After running two successful academies, our clients, our partners, our potential clients, are all asking how to get people like the ones we've trained?

Last year, we proved that the model not only works for the young and energetic craftsman wannabes, but also for those who are ready to either retool (e.g. Greg Tarsa, who had previously built file systems in C) or make a change in their careers (e.g. Eric Ricketts, who had been a chip designer). This isn't just a series of tutorials, but an immersion in the thought process of a software craftsman, applied to web and mobile development from the backend to the front. Each person is working on their assigned projects, that are not all the same, but similar enough where they help each other in addition to the help they get from their mentors. Those who are going faster will get more complicated projects, but all will be challenged to exercise and grow their craftsmanship mindset and muscles.

So, in addition to taking in young folks who are ready to begin their journey, we are opening up slots for businesses who wants to sponsor old or new employees to take it up a level. We suggest that these companies work out the financial model with their employees similar to what we do with our scholarships (you pay the cost of the training back if you don't provide adequate service to pay your sponsor back).

There will only be 12 slots available for the full-time immersion phase that starts on June 1, 2015.

As usual, we will take applicants on a rolling admission basis. Everyone must follow the application process and will have at least one live assessment of their ability to succeed in this intense program.

We would like to have the 12 slots filled by March 1, 2015, but we will not fill them with unqualified candidates.
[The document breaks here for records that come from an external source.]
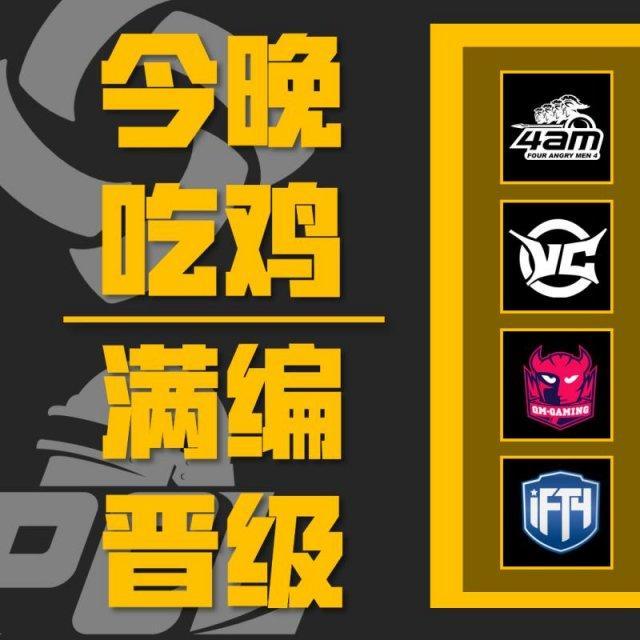 人妻探花 我非常乐意为你提供帮助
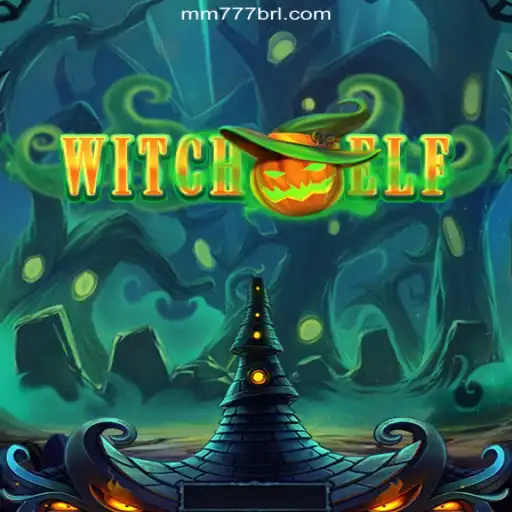 Discover WitchElf: The Enchanting World of MM777.com Platform-Online Cassino Brasil #1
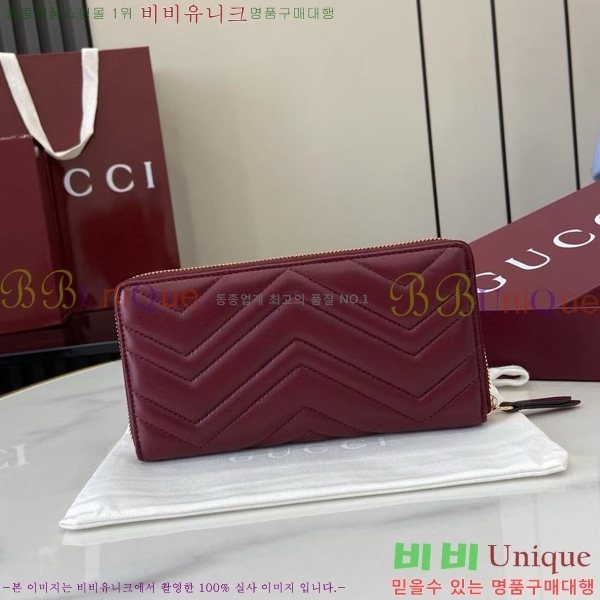 # GG Ʈ   837758-105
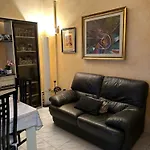 Casa Vacanza Roma 2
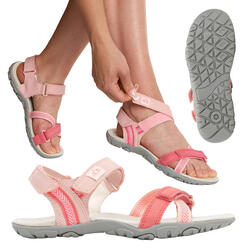 Sandales femme KADVA Cara WMNS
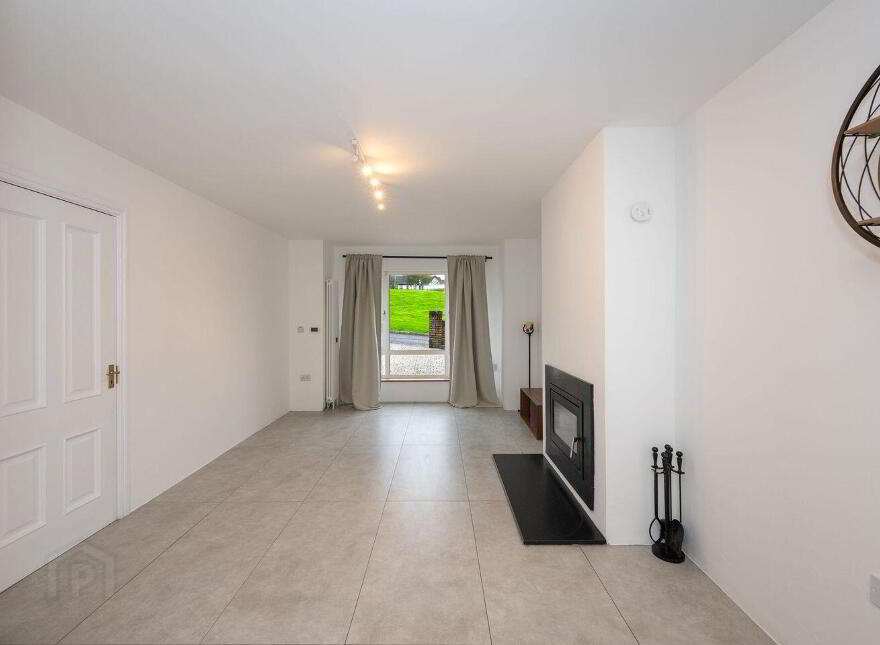 20 Yewlands, Douglas, T12PYP0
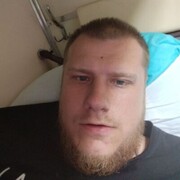  ,   , 27 ,   ,   , 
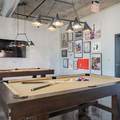 2025 Peachtree Road - Photo 26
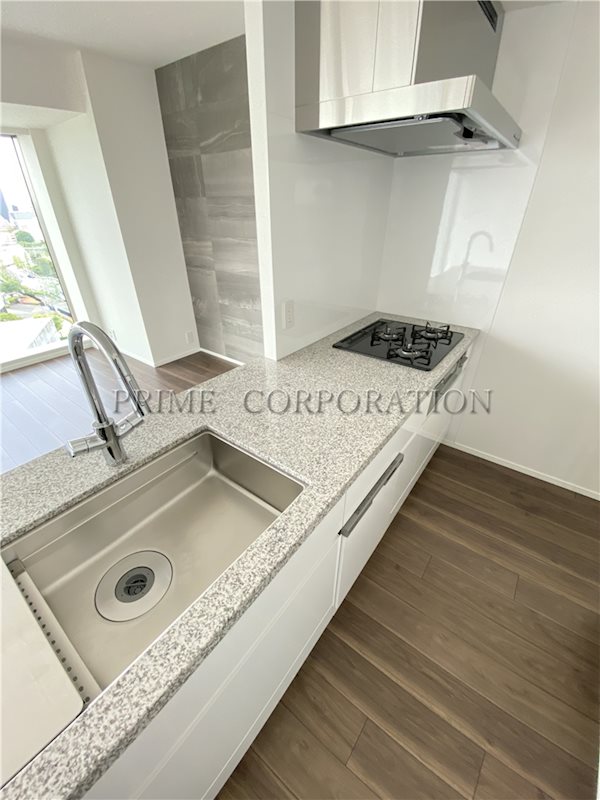 キッチン　※参考写真※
This is a large investment on both the applicants and RoleModel's part, and it should not be taken lightly. It is not an "open enrollment" class, but a competitive application process.

Those who have gone through it, know that it is unlike any other training they've ever taken.

Eric Ricketts went through the Naval Academy at Annapolis and said of the Craftsmanship Academy, "this was the most intense training I've ever been through". Don't worry, he lived to tell about it with a big smile on his face.